The problem extends beyond economics into environmental and social spheres. The UN Environment Programme estimates that food waste generates eight to ten percent of global greenhouse gas emissions, with most of these emissions embedded within supply chains rather than at the consumer level. This massive environmental footprint underscores the urgency of addressing logistics inefficiencies in the perishables sector.
DP World's research identifies several critical factors driving food waste in transit. Cold-chain gaps represent a fundamental infrastructure problem, particularly in developing regions where temperature-controlled facilities remain scarce. Limited temperature-controlled storage compounds this issue, creating bottlenecks where perishable goods must wait in suboptimal conditions.
Beyond infrastructure, operational challenges plague the sector. Overproduction creates supply gluts that strain logistics capacity, while weak demand forecasting leads to mismatches between supply and market needs.
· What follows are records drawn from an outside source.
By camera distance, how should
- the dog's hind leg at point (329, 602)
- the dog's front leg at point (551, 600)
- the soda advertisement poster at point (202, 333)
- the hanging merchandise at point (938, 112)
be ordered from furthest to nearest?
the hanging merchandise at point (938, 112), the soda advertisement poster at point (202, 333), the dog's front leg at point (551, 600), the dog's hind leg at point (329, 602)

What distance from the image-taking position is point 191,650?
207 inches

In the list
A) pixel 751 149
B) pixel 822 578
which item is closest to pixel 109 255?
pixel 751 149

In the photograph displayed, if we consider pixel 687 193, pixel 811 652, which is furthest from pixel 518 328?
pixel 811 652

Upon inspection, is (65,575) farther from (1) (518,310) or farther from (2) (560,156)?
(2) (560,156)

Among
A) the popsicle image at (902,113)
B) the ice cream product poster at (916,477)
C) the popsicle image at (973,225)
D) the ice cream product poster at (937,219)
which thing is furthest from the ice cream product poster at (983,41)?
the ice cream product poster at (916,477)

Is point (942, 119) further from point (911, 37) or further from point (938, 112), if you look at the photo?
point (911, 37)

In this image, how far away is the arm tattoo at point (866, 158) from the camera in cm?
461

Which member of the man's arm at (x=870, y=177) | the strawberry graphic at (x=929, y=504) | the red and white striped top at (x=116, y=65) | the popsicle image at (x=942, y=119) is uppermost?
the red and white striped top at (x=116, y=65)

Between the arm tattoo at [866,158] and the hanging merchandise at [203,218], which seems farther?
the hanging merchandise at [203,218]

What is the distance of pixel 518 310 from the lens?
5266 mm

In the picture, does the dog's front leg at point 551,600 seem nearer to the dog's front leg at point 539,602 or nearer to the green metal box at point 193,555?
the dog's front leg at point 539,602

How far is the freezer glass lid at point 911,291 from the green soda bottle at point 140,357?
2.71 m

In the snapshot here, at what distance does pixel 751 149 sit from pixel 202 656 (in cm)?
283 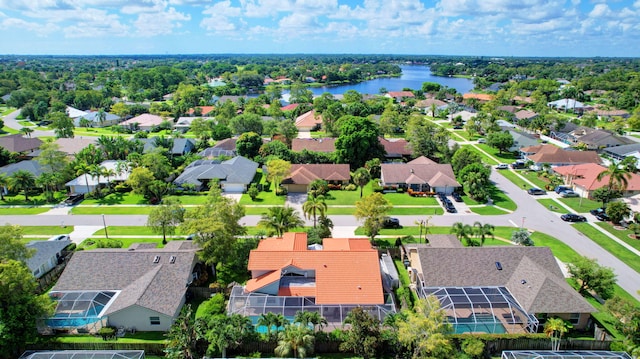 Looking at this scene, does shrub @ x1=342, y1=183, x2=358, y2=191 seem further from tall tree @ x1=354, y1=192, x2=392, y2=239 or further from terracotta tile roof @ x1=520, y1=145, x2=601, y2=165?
terracotta tile roof @ x1=520, y1=145, x2=601, y2=165

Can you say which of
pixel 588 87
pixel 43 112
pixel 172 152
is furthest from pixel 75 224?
pixel 588 87

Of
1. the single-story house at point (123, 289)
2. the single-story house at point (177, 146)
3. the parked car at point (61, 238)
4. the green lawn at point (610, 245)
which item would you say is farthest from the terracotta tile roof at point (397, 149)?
the parked car at point (61, 238)

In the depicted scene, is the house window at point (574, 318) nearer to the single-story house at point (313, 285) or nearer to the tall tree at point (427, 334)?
the tall tree at point (427, 334)

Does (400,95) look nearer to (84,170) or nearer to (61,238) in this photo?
(84,170)

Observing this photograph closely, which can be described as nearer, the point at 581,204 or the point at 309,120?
the point at 581,204

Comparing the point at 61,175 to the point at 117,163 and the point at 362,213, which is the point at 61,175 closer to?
the point at 117,163

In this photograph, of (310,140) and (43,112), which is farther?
(43,112)

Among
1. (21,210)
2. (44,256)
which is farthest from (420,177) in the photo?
(21,210) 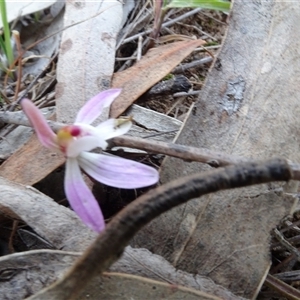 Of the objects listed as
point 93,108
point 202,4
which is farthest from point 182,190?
point 202,4

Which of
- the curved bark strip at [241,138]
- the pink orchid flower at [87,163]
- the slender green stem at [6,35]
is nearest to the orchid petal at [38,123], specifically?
the pink orchid flower at [87,163]

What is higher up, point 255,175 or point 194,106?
point 255,175

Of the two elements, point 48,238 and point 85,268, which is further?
point 48,238

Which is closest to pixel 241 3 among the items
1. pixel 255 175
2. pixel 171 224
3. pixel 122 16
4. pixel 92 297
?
pixel 122 16

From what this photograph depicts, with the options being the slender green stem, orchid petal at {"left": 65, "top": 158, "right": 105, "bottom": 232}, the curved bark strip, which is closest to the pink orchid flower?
orchid petal at {"left": 65, "top": 158, "right": 105, "bottom": 232}

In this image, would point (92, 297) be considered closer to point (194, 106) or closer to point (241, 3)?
point (194, 106)

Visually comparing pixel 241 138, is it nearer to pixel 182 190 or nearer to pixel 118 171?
pixel 118 171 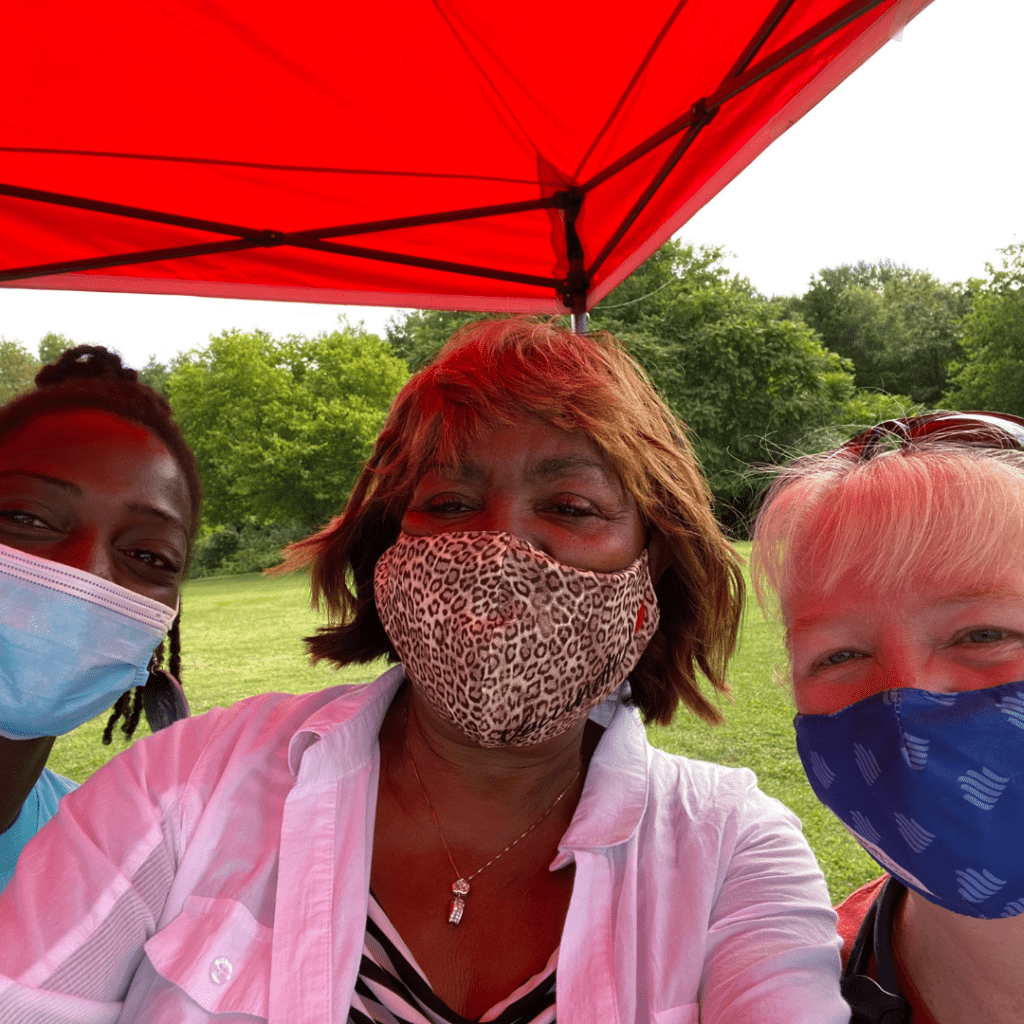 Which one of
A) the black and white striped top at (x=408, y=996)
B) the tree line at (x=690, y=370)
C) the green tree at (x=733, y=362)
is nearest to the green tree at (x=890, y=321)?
the tree line at (x=690, y=370)

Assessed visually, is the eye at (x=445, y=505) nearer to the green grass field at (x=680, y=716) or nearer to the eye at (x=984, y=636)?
the green grass field at (x=680, y=716)

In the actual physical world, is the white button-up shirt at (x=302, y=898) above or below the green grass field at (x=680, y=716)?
above

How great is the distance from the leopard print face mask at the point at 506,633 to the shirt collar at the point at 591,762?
0.61ft

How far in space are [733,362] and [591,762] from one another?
30281 millimetres

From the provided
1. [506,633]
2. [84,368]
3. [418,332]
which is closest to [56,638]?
[84,368]

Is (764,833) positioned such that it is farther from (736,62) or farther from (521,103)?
(521,103)

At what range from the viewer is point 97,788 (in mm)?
1563

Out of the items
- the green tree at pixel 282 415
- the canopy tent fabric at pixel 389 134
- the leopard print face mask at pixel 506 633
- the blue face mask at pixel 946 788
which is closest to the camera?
the blue face mask at pixel 946 788

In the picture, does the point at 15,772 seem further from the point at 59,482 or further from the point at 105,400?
the point at 105,400

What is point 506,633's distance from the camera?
1.54 meters

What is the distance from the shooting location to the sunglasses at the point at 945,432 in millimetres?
1460

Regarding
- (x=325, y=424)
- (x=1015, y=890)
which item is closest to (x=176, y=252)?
(x=1015, y=890)

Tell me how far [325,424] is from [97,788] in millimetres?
34220

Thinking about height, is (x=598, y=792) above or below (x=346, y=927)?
above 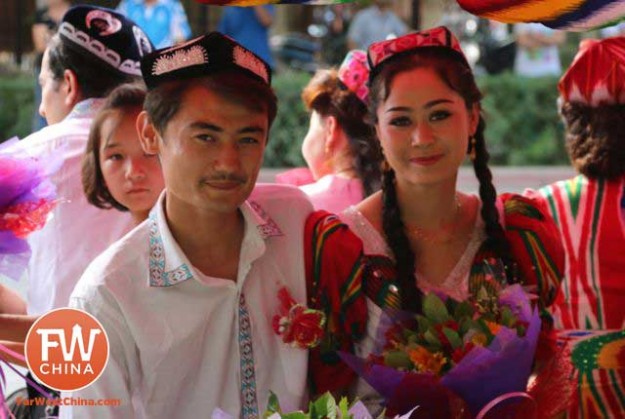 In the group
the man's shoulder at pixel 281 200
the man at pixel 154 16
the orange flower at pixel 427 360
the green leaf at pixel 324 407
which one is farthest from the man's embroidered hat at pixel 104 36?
the man at pixel 154 16

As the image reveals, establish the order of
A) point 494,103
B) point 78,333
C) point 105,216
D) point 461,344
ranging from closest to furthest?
point 78,333, point 461,344, point 105,216, point 494,103

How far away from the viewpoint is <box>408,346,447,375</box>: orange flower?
2.27 meters

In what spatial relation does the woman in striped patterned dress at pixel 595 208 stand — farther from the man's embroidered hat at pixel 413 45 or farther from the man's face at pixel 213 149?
the man's face at pixel 213 149

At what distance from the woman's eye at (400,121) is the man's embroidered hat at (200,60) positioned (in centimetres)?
42

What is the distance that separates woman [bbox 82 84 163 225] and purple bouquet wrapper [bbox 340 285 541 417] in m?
0.72

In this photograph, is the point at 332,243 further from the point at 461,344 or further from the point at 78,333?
the point at 78,333

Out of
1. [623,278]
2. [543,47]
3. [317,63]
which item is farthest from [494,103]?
[623,278]

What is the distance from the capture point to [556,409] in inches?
95.1

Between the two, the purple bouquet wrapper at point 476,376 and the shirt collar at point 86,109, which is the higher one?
the shirt collar at point 86,109

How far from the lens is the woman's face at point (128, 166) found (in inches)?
108

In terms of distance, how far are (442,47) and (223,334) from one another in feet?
2.82

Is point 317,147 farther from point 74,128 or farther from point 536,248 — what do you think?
point 536,248

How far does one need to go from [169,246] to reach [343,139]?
4.17ft

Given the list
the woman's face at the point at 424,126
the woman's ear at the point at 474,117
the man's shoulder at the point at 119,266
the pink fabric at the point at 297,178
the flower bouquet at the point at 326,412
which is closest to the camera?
the flower bouquet at the point at 326,412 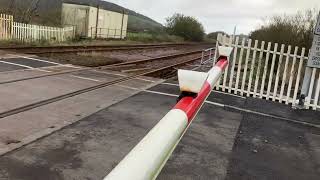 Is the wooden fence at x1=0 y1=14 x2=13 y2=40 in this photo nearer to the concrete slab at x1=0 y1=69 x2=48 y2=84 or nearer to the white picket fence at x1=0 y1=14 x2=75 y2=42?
the white picket fence at x1=0 y1=14 x2=75 y2=42

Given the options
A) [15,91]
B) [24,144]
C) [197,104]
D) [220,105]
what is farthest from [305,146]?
[15,91]

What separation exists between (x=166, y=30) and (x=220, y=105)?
70.4m

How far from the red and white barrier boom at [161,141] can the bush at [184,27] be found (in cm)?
7597

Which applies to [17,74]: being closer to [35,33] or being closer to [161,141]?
[161,141]

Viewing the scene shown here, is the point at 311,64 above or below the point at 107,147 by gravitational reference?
above

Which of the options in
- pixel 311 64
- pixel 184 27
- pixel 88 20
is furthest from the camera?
pixel 184 27

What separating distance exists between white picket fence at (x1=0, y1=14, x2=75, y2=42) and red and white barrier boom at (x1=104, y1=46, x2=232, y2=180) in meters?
22.9

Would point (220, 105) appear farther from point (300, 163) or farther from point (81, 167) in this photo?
point (81, 167)

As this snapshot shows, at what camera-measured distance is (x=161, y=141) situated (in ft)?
6.63

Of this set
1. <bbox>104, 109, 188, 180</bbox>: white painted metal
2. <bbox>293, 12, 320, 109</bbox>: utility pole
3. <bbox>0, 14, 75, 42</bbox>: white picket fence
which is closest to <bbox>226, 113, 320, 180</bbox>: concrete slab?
<bbox>293, 12, 320, 109</bbox>: utility pole

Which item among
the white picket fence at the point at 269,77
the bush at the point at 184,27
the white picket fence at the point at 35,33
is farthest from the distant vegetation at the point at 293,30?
the bush at the point at 184,27

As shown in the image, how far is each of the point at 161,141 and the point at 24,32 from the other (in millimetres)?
25422

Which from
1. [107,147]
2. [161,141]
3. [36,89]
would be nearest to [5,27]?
[36,89]

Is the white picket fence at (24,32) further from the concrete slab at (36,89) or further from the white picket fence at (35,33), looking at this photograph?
the concrete slab at (36,89) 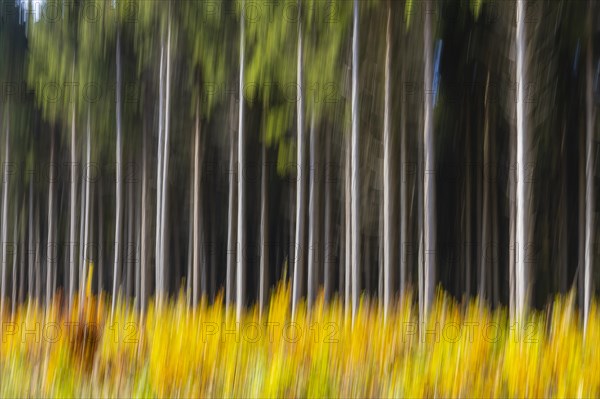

Inconsistent grading standards across regions further complicate matters, making it difficult to maintain quality throughout the supply chain. These inefficiencies collectively drive major losses that could be prevented through better coordination and investment.
The report draws extensively on survey data from cargo owners in the perishables sector, analyzing both the frequency of logistics disruptions and their financial consequences. The findings paint a sobering picture of vulnerability within current supply chains.
Port congestion emerged as a significant factor affecting processing speed for perishable goods, where time sensitivity makes even minor delays costly. Capability gaps and outdated infrastructure remain major risk factors, with 88 percent of cargo owners identifying technology or systems failures as serious sources of interruption. This statistic highlights the fragility of many logistics networks currently handling perishable goods.
When facing disruptions, cargo owners employ diverse strategies to maintain continuity. Fifty-three percent turn to contract logistics providers, while 51 percent rely on land transportation alternatives. Forty-nine percent leverage supply chain technology solutions, and 47 percent utilize freight forwarding services. These varied responses demonstrate the industry's current reactive rather than preventive approach to disruption management.
Despite 86 percent of respondents expressing confidence in their logistics partners' ability to handle crises, 94 percent identified limited visibility across supply chains as a major obstacle. This disconnect suggests that while partners demonstrate competence in crisis response, the lack of predictive insights and real-time data prevents businesses from anticipating and mitigating disruptions before they occur.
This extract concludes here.